Dataset records:
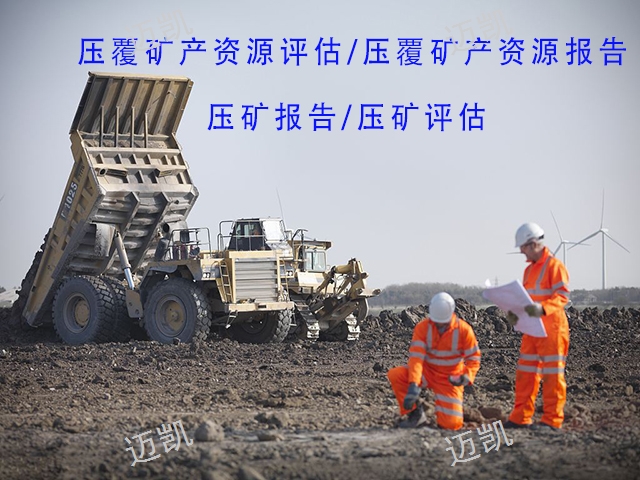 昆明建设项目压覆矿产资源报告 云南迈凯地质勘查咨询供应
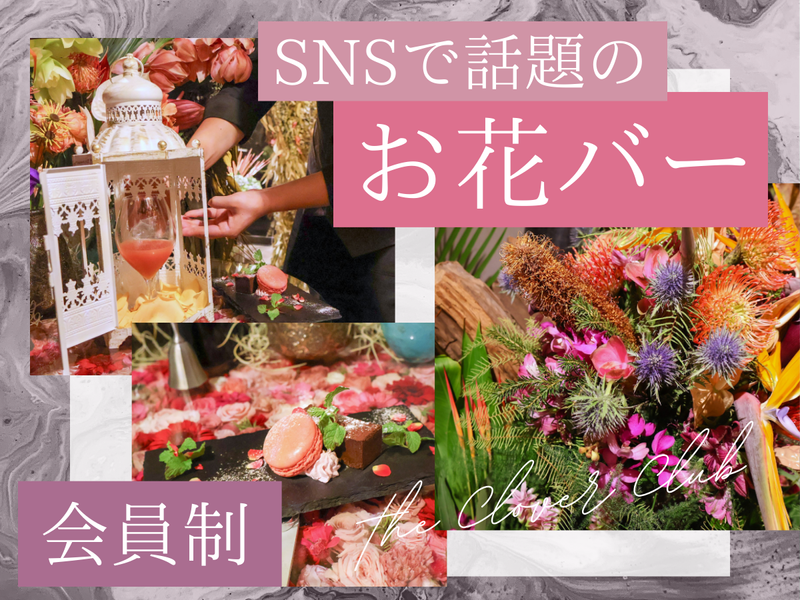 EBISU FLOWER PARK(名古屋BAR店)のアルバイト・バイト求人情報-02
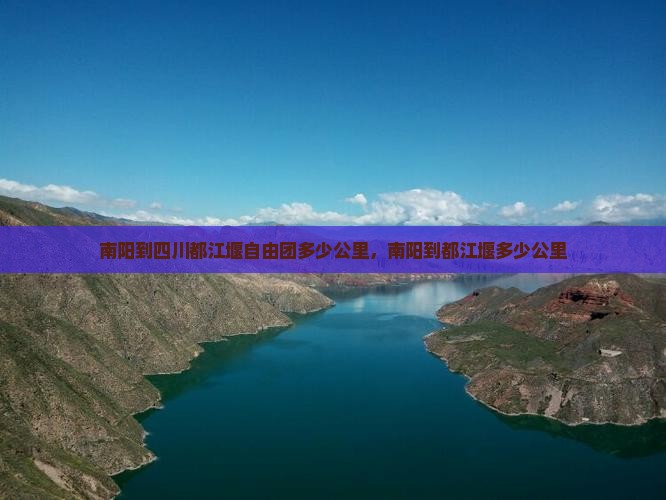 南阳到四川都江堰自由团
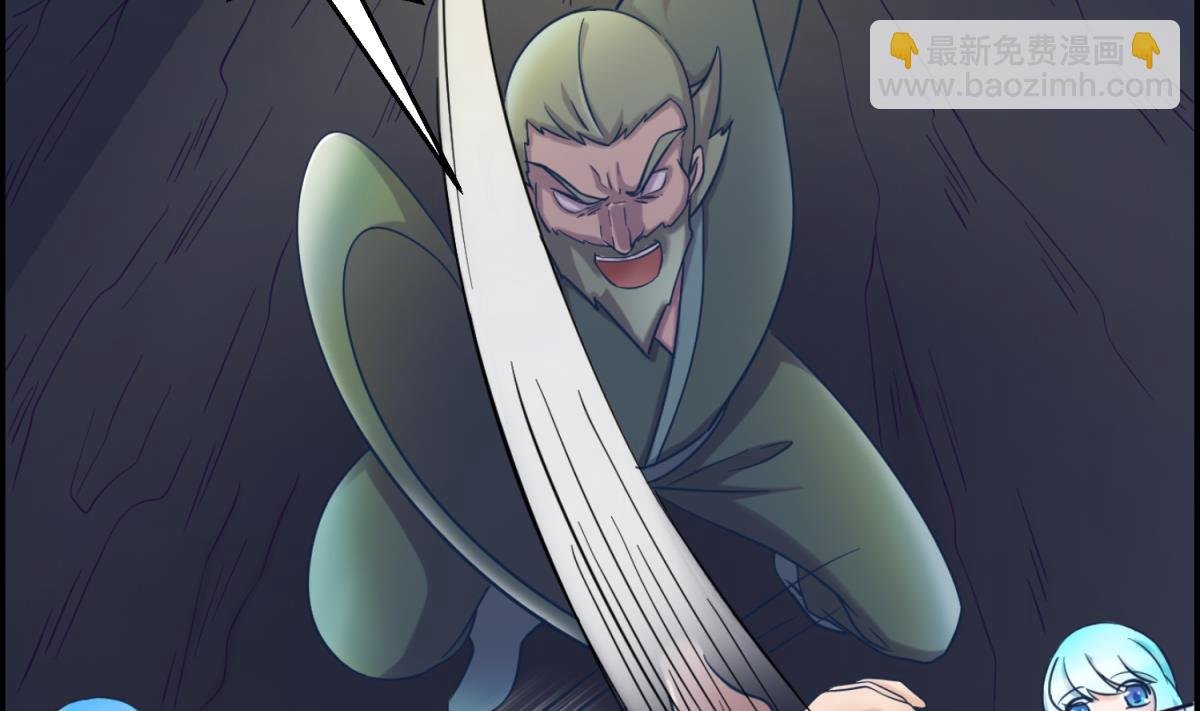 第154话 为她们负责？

...

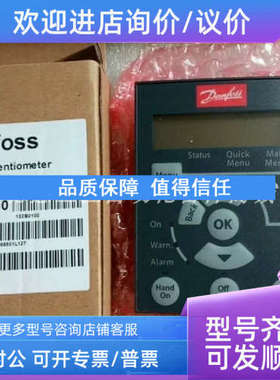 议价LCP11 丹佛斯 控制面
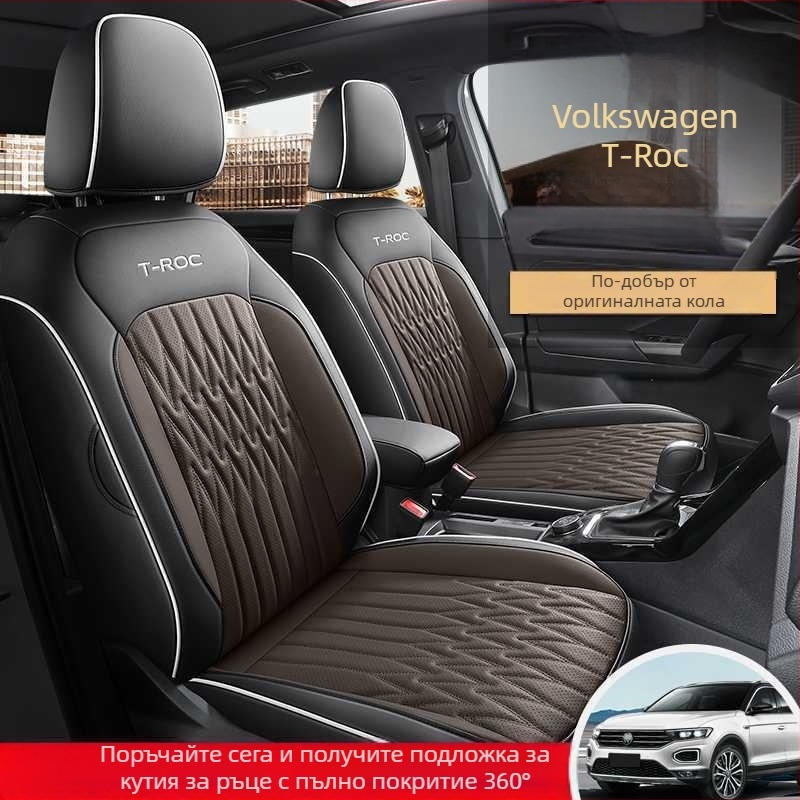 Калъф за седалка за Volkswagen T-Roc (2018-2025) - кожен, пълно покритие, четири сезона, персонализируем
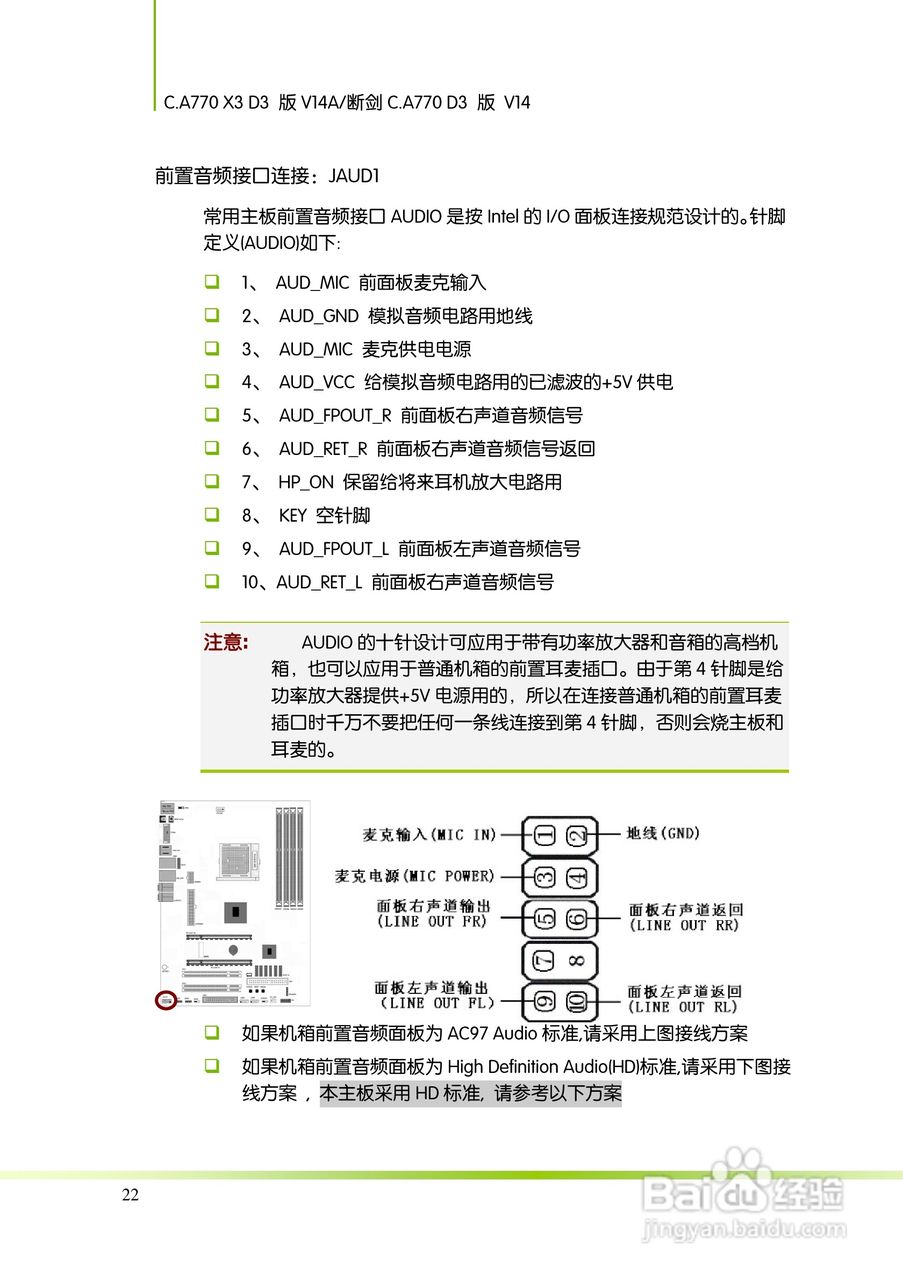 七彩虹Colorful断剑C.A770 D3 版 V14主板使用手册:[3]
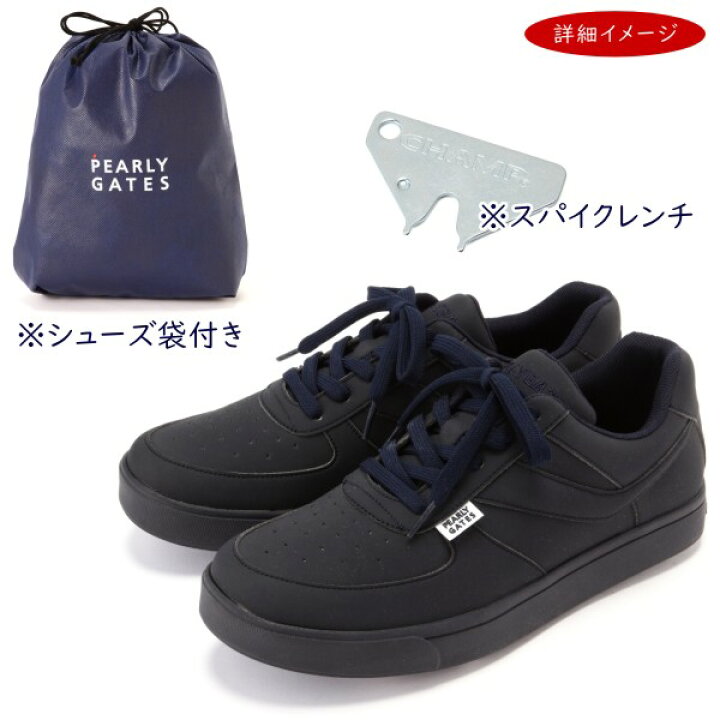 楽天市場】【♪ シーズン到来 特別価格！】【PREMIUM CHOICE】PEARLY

Exercise objective: Although pictures appear among the records above, write out exactly only the lines from the one that has "七彩虹Colorful断剑C.A770 D3 版 V14主板使用手册:[3]" through the one that has "楽天市場】【♪ シーズン到来 特別価格！】【PREMIUM CHOICE】PEARLY", and leave the pictures out.

Solution to this task:
 七彩虹Colorful断剑C.A770 D3 版 V14主板使用手册:[3]
 楽天市場】【♪ シーズン到来 特別価格！】【PREMIUM CHOICE】PEARLY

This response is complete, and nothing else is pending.